Astana silent on Ferrari allegation
Gazzetta dello Sport claims banned doctor visited training camp in 2013
The Astana team has declined to comment on a report in Gazzetta dello Sport on Monday which claimed that Dr. Michele Ferrari had visited the squad's training camp at Montecatini Terme in November of last year.
Citing information gleaned from the long-running Padova doping inquiry, Gazzetta reports that investigators photographed Ferrari meeting with members of the team outside the hotel one night in November 2013. A spokesman for Astana said that the team had no comment to make on the allegation when contacted by Cyclingnews on Monday morning.
Ferrari has been banned for life by both the Italian Olympic Committee (CONI) and USADA, and it is expressly forbidden for athletes to avail of his services as a coach. In the past three years, CONI has sanctioned riders for frequenting the doctor, including Astana's Michele Scarponi (then at Lampre), who was given a three-month ban in late 2012.
The news of Ferrari's alleged visit comes as the UCI Licence Commission deliberates over Astana's future in the WorldTour following a spate of recent positive tests, two on the WorldTour team and three on the since-suspended Continental outfit. The Licence Commission has said that it is undertaking a review of Astana's "management and anti-doping policies," suggesting that general manager Alexandre Vinokourov's doping past could be taken into consideration.

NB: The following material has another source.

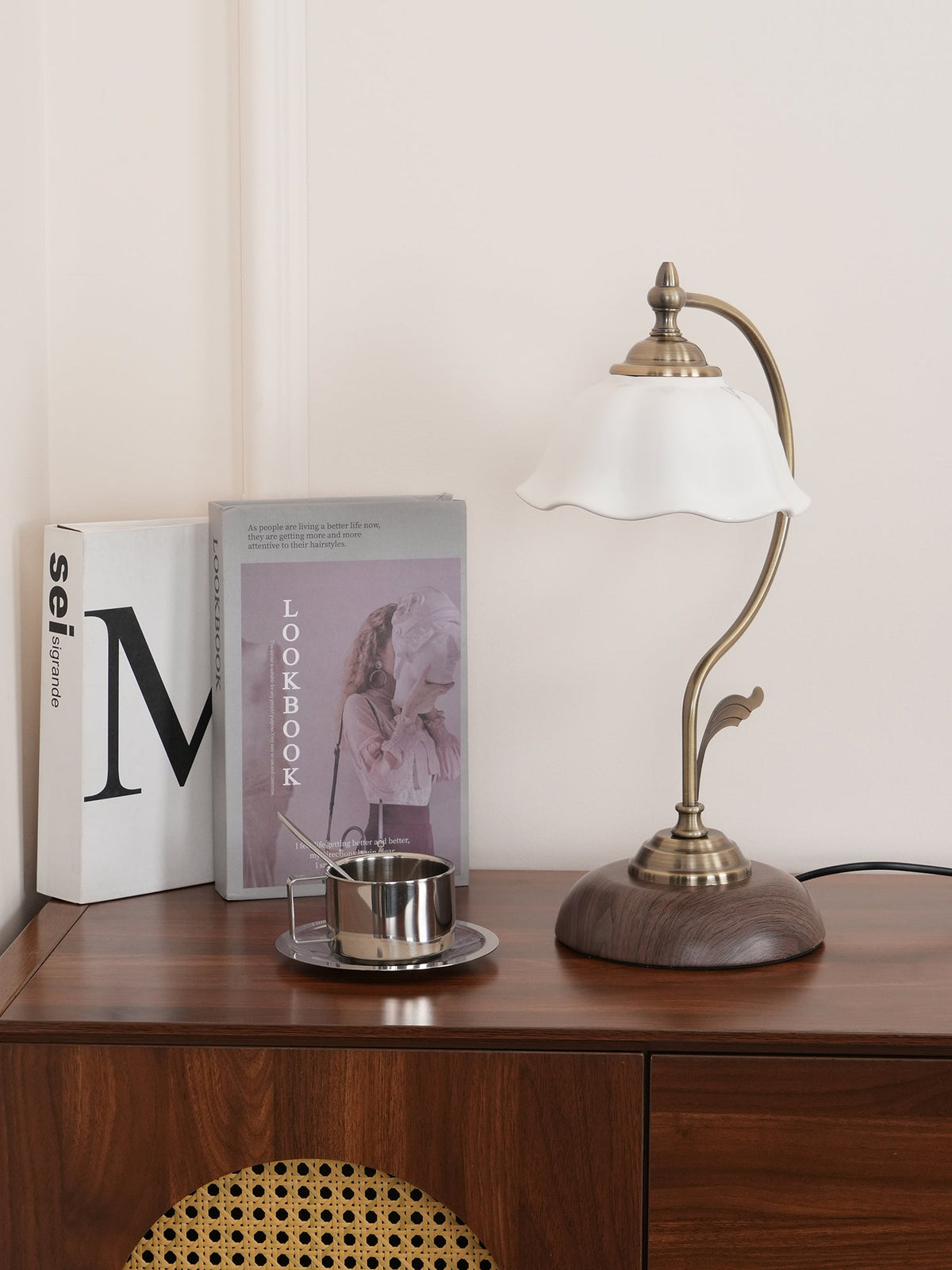 Clérachic table lamp unlit on a wood console, its white shade and bronze-toned arm in front of books on a cream wall.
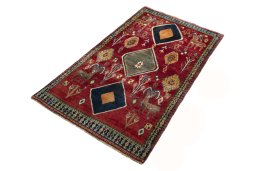 Corner detail of 2000s Persian Gabbeh rug showing border pattern and Wool pile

Vinokourov was himself coached by Ferrari prior to his positive test for blood doping at the 2007 Tour de France but he has indicated that he will not speak to the Cycling Independent Reform Commission on his career. A final decision on Astana's WorldTour licence is expected by Wednesday of this week.
Gazzetta does not name the Astana members who met with Ferrari in November 2013, but the newspaper stresses that Tour de France winner Vincenzo Nibali was not among them. In the 500-page report compiled by the Padova inquiry, Gazzetta says, there "isn't a line, nothing, that talks of a relationship between Nibali and Ferrari. There was no contact between the rider and the doctor."
Led by magistrate Benedetto Roberti, the Padova investigation has been open since 2010 and is centred on Ferrari's activities. The inquiry has involved phone taps, house searches and the seizure of bank records and has already led to the suspensions of Scarponi, Filippo Pozzato and Giovanni Visconti for their links to Ferrari.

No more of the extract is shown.